Memory mapping causes disk space usage bloat in big models with many search parameters #19608

asansal-quantico · 2021-03-03T16:28:27Z

Hello,

We use GridSearchCV in a project where our training data is quite large (approx, 20,000 rows x 100 columns/features). We search a large space of hyperparameters, and with 5-10 cross-validation runs total number of model sometimes up to 1000.

When running default parallelization using joblib, the tool generates a lot of memory-mapped disk data and uses a lot of disk space on the scale of hundreds of gigabytes.

Solution:
Once we disable memory mapping, it runs successfully without using the disk. The solution is to call joblib's Parallel(..., max_nbytes=None) within GridSearchCV, see the link to code below. The default for joblib is '1M', which is 1 megabyte. When we pass None, it disables memory mapping.
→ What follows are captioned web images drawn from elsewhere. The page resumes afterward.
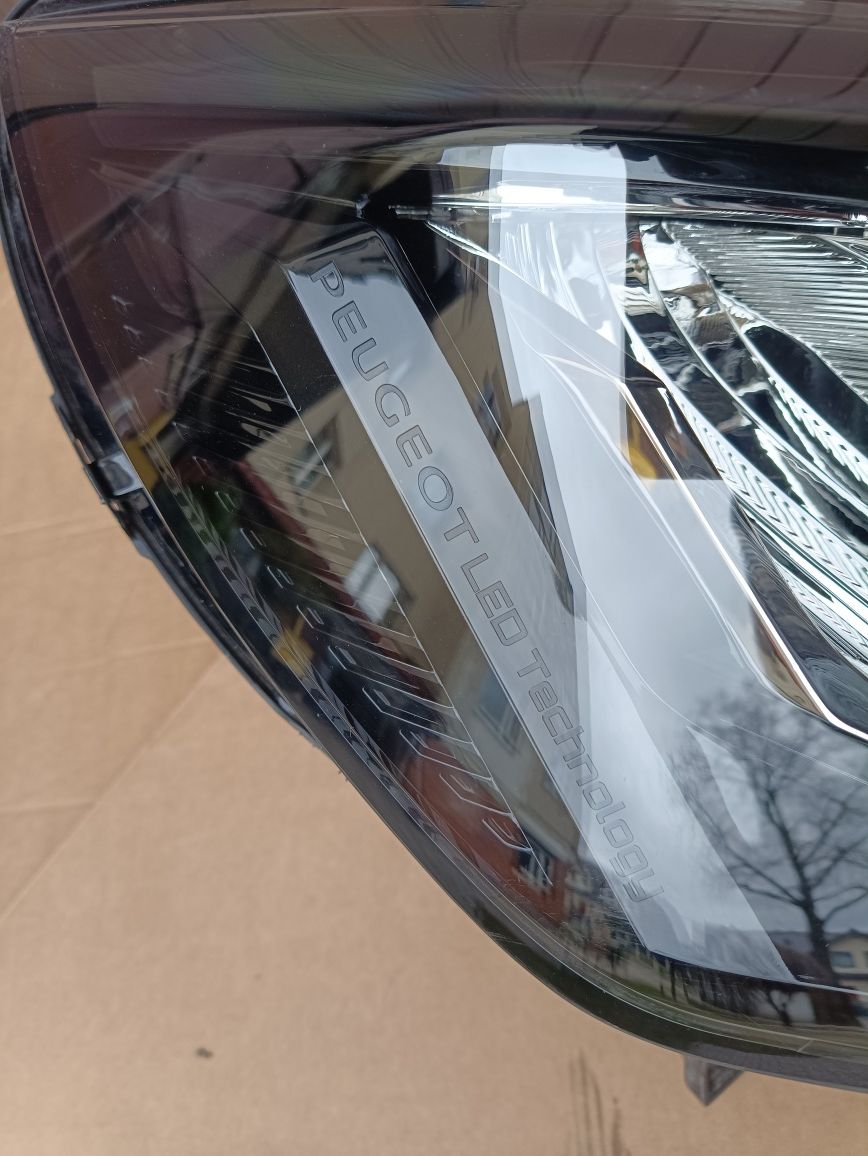 Peugeot 208 II 2 reflektor przedni prawy przód lampa prawa FULL LED EU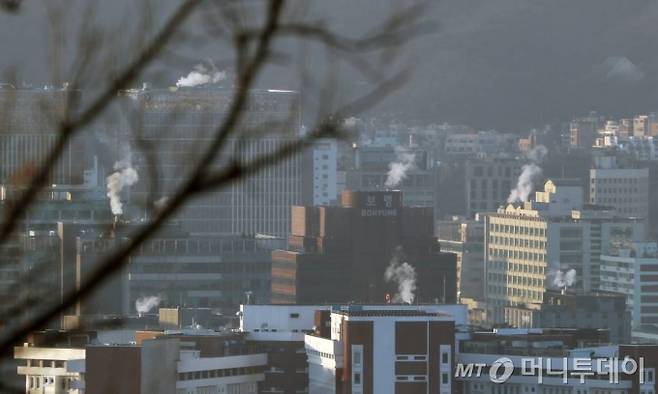 [서울=뉴시스] 고승민 기자 = 내륙지역을 중심으로 아침기온이 영하권으로 떨어져 칼추위 날씨를 보인 30일 서울 시내 빌딩 옥상에 난방 수증기가 피어 오르고 있다. 2020.11.30. kkssmm99@newsis.com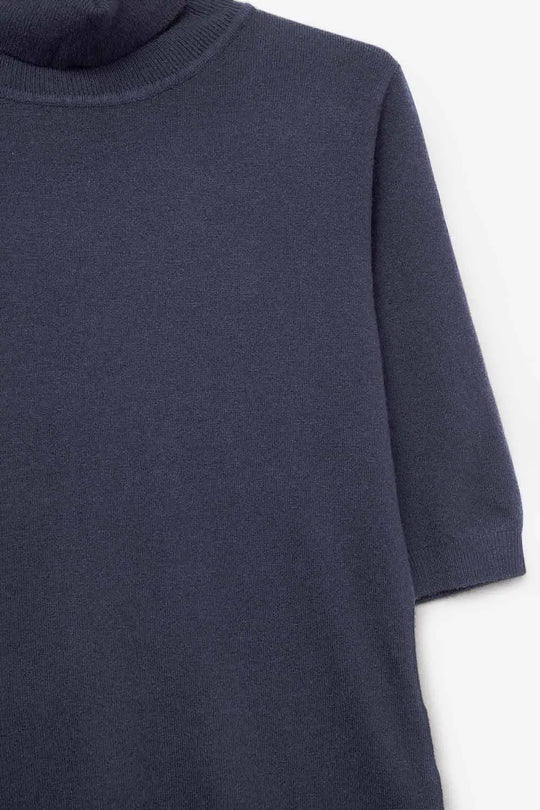 Fine knit sweater in navy blue with a high neck and elbow-length sleeves - One Size / Blue
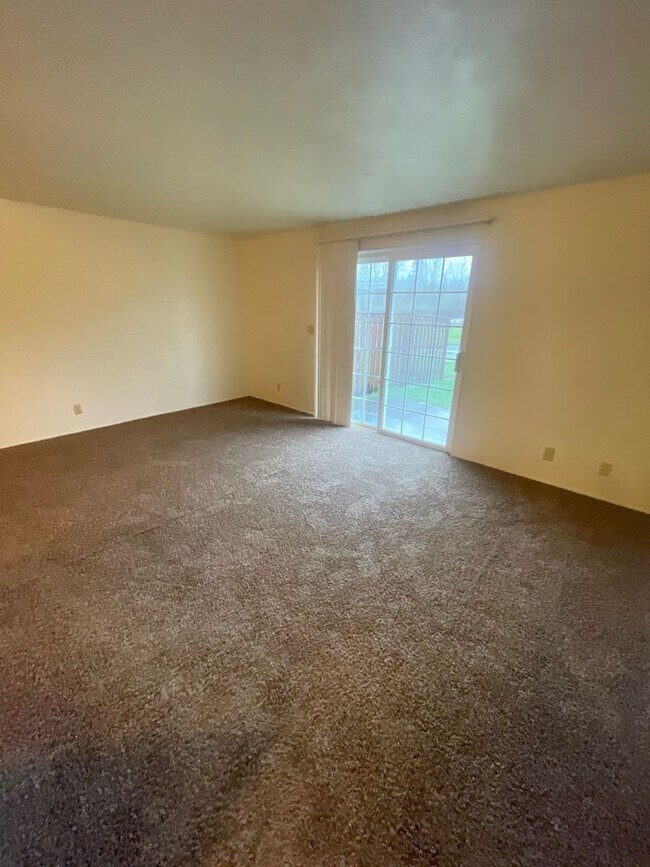 Building Photo - Large 2 Bedroom over looking the Golf Course!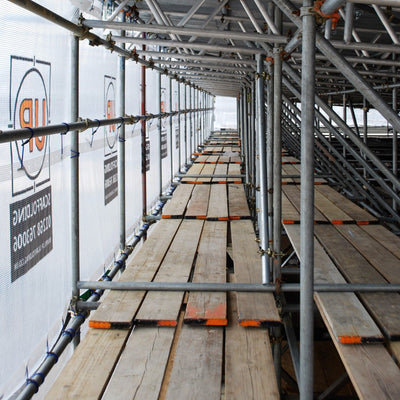 Custom Printed Scaffold Sheeting protecting a scaffold structure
Suggested improvement is to add a kwarg to GridSearchCV that gets passed to Parallel's max_nbytes.

scikit-learn/sklearn/model_selection/_search.py

Line 767 in 28ee486

parallel = Parallel(n_jobs=self.n_jobs,

cmarmo · 2021-03-05T07:54:22Z

Hi @asansal-quantico, thanks for reaching out. Do you mind producing some benchmark plots or logs to make the issue more quantitative? This will help in triggering the core-dev attention. Thanks for your collaboration.

INF800 · 2021-11-17T23:27:06Z

Hi, this issue looks inactive. Can I take a shot at reproducing the issue and sending a PR if required

cmarmo · 2021-11-18T18:39:21Z

Hi @INF800 , feel free.
Quantitative benchmarks are needed here before any PR.
Thanks for your collaboration!

INF800 · 2021-11-19T23:09:18Z

I am trying out with simple Lasso and xgboost's XGBRegressor with config as stated in the above comment. Any pointers on what model to use? @cmarmo @asansal-quantico

INF800 · 2021-11-19T23:09:40Z

Until now Lasso seems to be working fine

thomasjpfan · 2021-11-26T23:41:18Z

@ogrisel @lesteve Is there a way to adjust Parallel in GridSearchCV to turn off memmapping?

trendelkampschroer · 2022-08-25T05:57:47Z

I can confirm the existence of this problem. The max_nbytes argument or more specifically a descriptive version of this argument, e.g. memmap_threshold_bytes, could be added to GridSearchCV to alleviate this problem. I am happy to issue a PR if this is desired. My feature request is based on the following observations:

Disk space usage may increases steadily until termination/completion of a script running a GridSearch. Disk-usages of and above 200GB for non-trivial examples are possible...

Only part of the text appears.